A 5 semaines du scrutin. L'Alliance reprochait au syndicat de refuser toute discussion depuis des semaines, empêchant de ce fait une entente sur le nouvel accord de 6 ans.
Et Joe Biden, qui se présente comme le "président le plus favorable aux syndicats", a indiqué le 29 septembre n'avoir aucune intention d'intervenir. A cinq semaines du scrutin présidentiel.
Il peut pourtant activer la loi Taft-Hartley - utilisée à maintes reprises pour des grèves de l'ILA avant 1977 -, permettant d'imposer un moratoire de 80 jours.
Les chargeurs prennent les devants. Le service fédéral de médiation (FMCS) a indiqué à l'AFP être en "contact régulier" avec les parties et se tenir "prêt à aider" si les deux camps acceptent. L'USMX est d'accord, pas l'ILA.
Des importateurs et exportateurs ont pris les devants en expédiant leurs produits en avance. D'autres ont opté pour un déchargement sur la côte ouest, plus coûteux en temps et en argent depuis l'Europe.
A la rescousse. Mais les ports de la côte ouest, couverts par un accord social distinct conclu en 2023 qui leur interdit de faire grève, pourraient perturber les activités par solidarité. Et ils disposent de peu de capacités disponibles.
Les ports canadiens ne pourraient absorber un débordement des Etats-Unis. D'autant qu'ils subissent aussi des mouvements sociaux, comme Vancouver la semaine dernière et Montréal bloqué depuis le 30 septembre.
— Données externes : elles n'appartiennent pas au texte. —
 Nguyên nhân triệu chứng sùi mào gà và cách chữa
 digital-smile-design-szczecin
Les comptes. Oxford Economics estime que chaque semaine de grève amputerait le PIB américain de 4,5 à 7,5 milliards de dollars (4,05 à 6,76 milliards d'euros).
Selon le cabinet Anderson Economic Group (AEG), la première semaine de débrayage devrait coûter 2,1 milliards de dollars (1,80 milliards d'euros), dont 1,5 milliard de dollars (1,35 milliard d'euros) en marchandises perdues (comme des denrées périssables).
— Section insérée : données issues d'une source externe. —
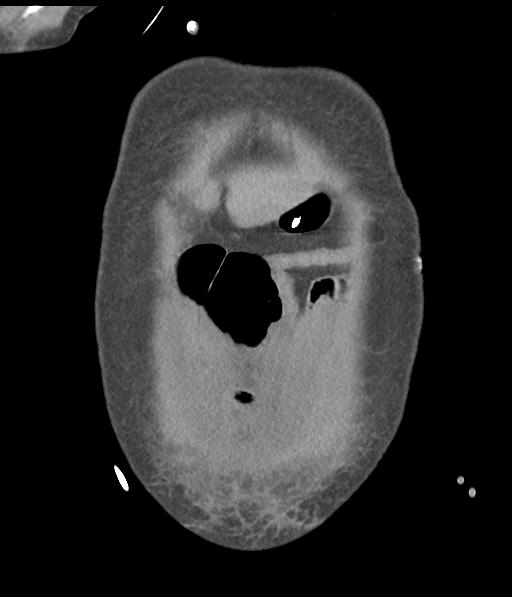 Bladder rupture post renal biopsy (Radiopaedia 30863-31572 Coronal non-contrast 10).jpg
Pas de pénurie. "Nous n'anticipons pas de manque de produits essentiels dans l'immédiat", a indiqué le 30 septembre Kathy Hochul, gouverneure de l'Etat de New York, lors d'une conférence de presse.
Les constructeurs automobiles devraient pâtir du débrayage, les ports de Baltimore et de Géorgie servant d'entrée aux pièces détachées et de sortie aux véhicules.
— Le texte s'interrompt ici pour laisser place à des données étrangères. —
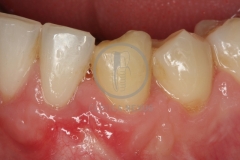Cirugiaplasticaperiodontal8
Ford surveille la situation "de près". Le groupe allemand BMW, qui fabrique plusieurs modèles de SUV exclusivement en Caroline du Sud, n'anticipe pas de problème cette semaine.
Le groupe de logistique DHL, qui a constaté une "forte demande" pour ses services de fret aérien, a activé "plusieurs plans de secours" pour ses propres acheminements, notamment l'utilisation de ports et de moyens de transport alternatifs.